==== Entries supplied ====

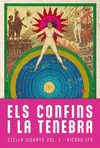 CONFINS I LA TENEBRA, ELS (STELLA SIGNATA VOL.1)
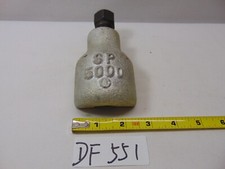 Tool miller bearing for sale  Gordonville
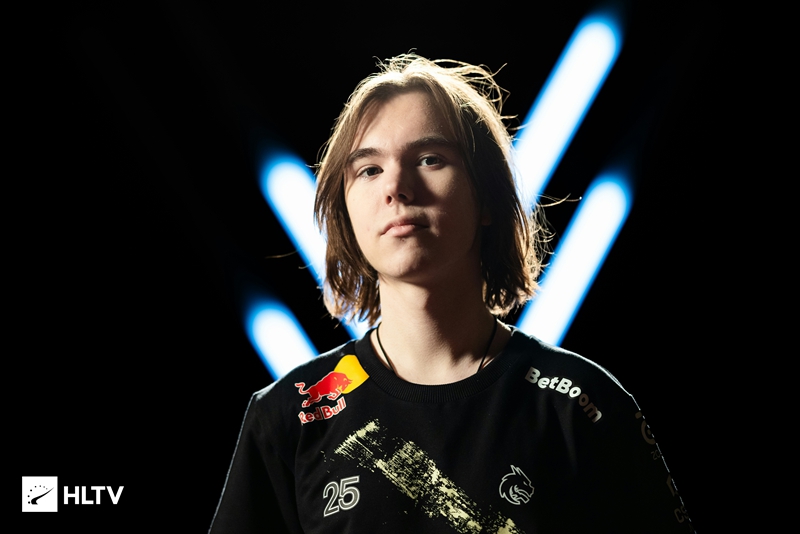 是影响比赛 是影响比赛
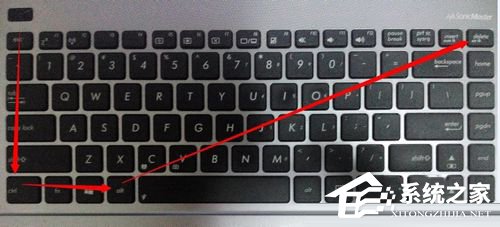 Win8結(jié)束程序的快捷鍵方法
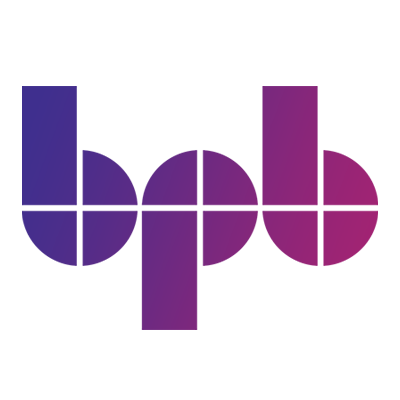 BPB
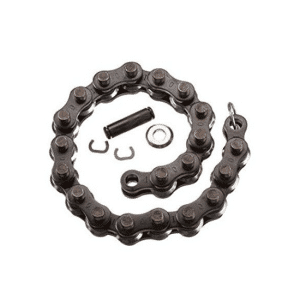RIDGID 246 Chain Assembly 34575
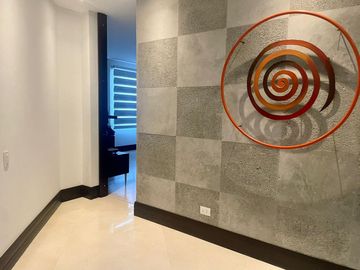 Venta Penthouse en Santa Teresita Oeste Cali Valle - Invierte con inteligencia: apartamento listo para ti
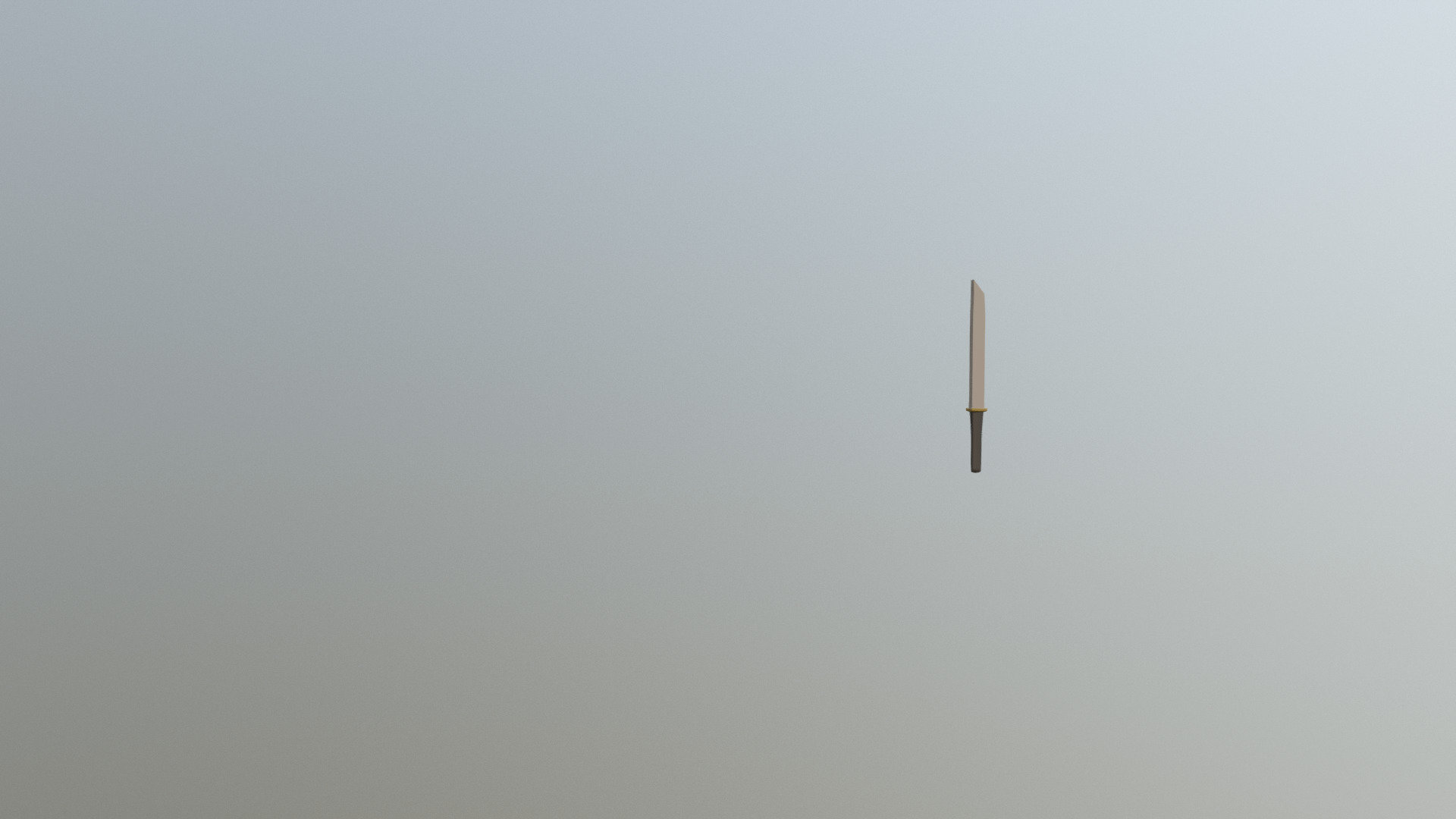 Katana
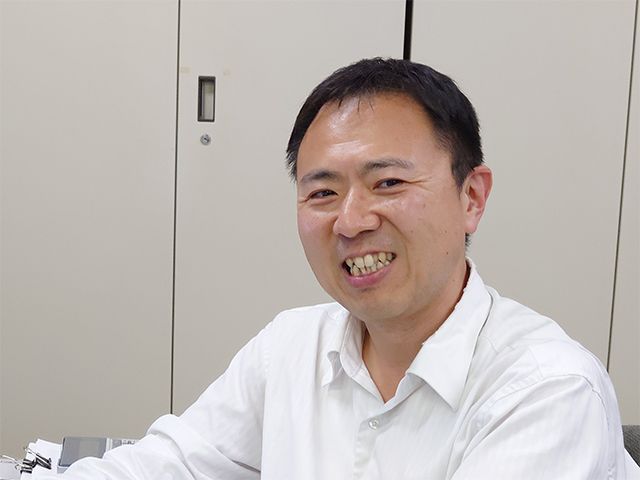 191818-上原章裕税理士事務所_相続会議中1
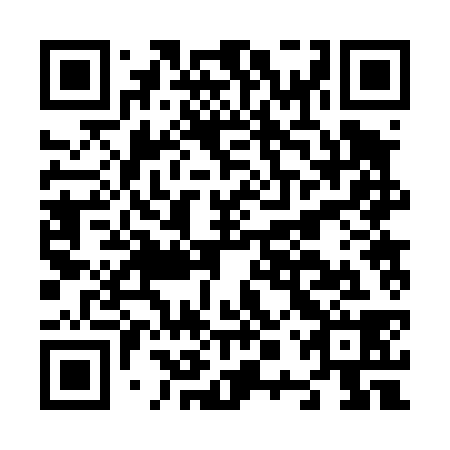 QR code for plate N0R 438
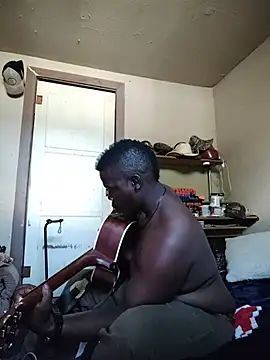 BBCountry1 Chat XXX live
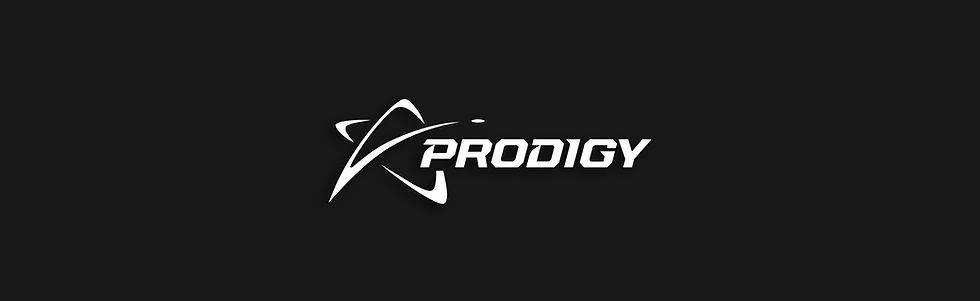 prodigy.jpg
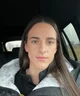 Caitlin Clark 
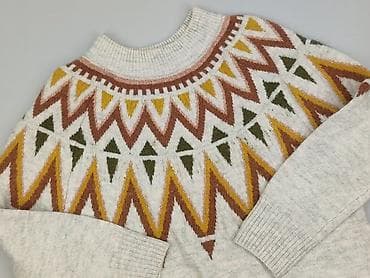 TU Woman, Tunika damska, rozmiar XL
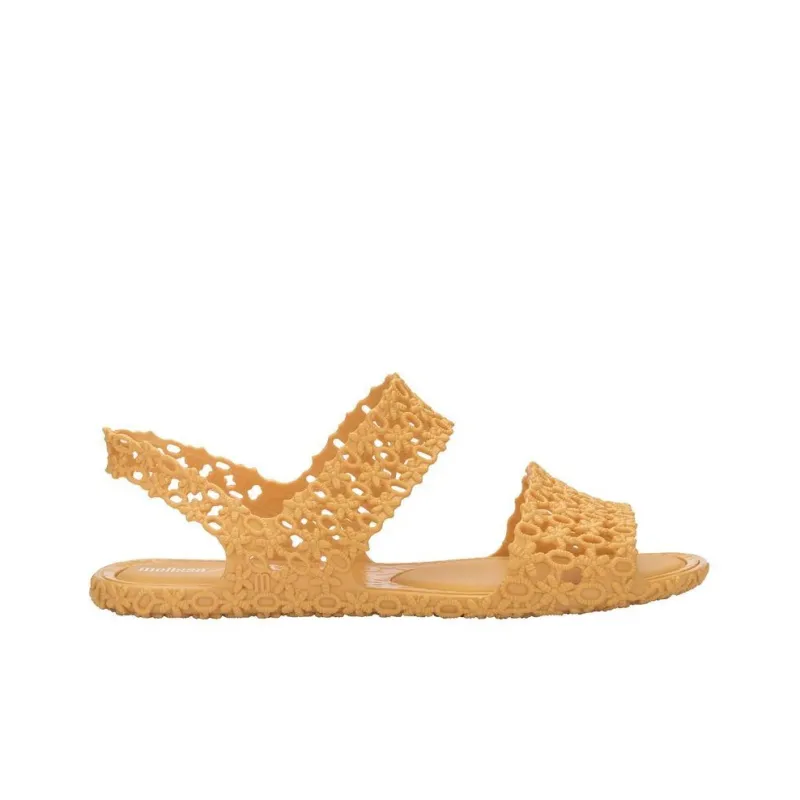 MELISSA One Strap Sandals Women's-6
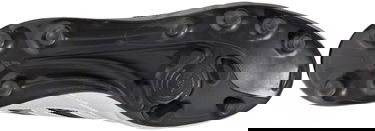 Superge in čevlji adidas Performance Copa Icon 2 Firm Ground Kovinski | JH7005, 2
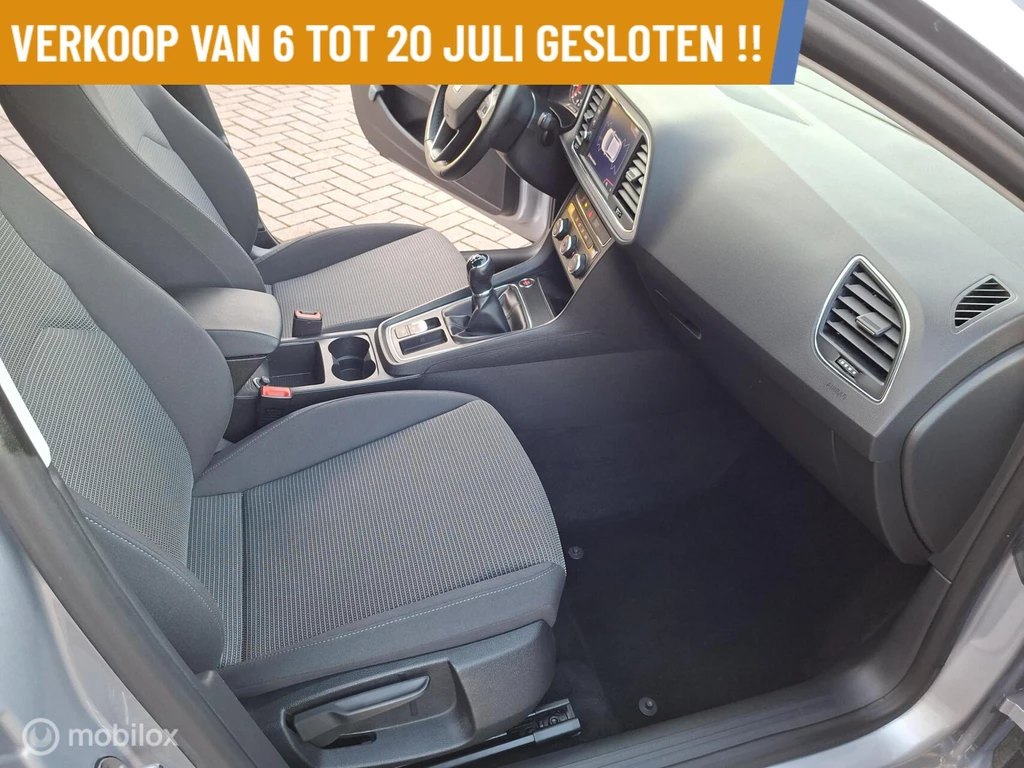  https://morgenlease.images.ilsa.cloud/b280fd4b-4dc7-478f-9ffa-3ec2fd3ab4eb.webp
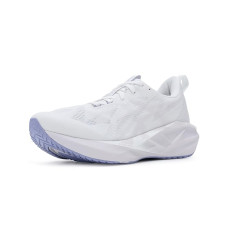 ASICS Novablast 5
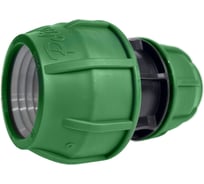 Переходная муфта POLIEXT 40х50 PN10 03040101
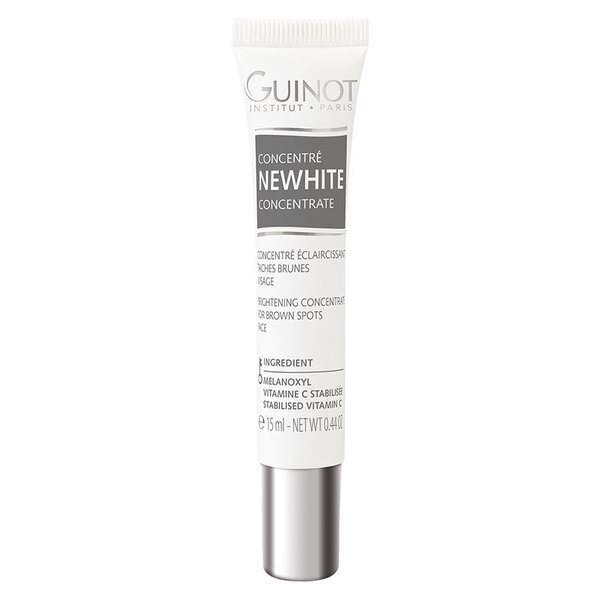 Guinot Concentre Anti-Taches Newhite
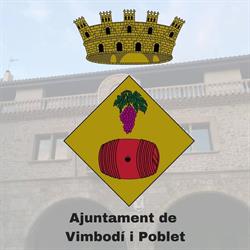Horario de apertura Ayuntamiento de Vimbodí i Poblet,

====

Problem requirements:
Reproduce every line of the data above, exactly as it stands, but not the pictures.

Answer for the task:
 CONFINS I LA TENEBRA, ELS (STELLA SIGNATA VOL.1)
 Tool miller bearing for sale  Gordonville
 是影响比赛 是影响比赛
 Win8結(jié)束程序的快捷鍵方法
 BPB
RIDGID 246 Chain Assembly 34575
 Venta Penthouse en Santa Teresita Oeste Cali Valle - Invierte con inteligencia: apartamento listo para ti
 Katana
 191818-上原章裕税理士事務所_相続会議中1
 QR code for plate N0R 438
 BBCountry1 Chat XXX live
 prodigy.jpg
 Caitlin Clark 
 TU Woman, Tunika damska, rozmiar XL
 MELISSA One Strap Sandals Women's-6
 Superge in čevlji adidas Performance Copa Icon 2 Firm Ground Kovinski | JH7005, 2
  https://morgenlease.images.ilsa.cloud/b280fd4b-4dc7-478f-9ffa-3ec2fd3ab4eb.webp
 ASICS Novablast 5
 Переходная муфта POLIEXT 40х50 PN10 03040101
 Guinot Concentre Anti-Taches Newhite
Horario de apertura Ayuntamiento de Vimbodí i Poblet,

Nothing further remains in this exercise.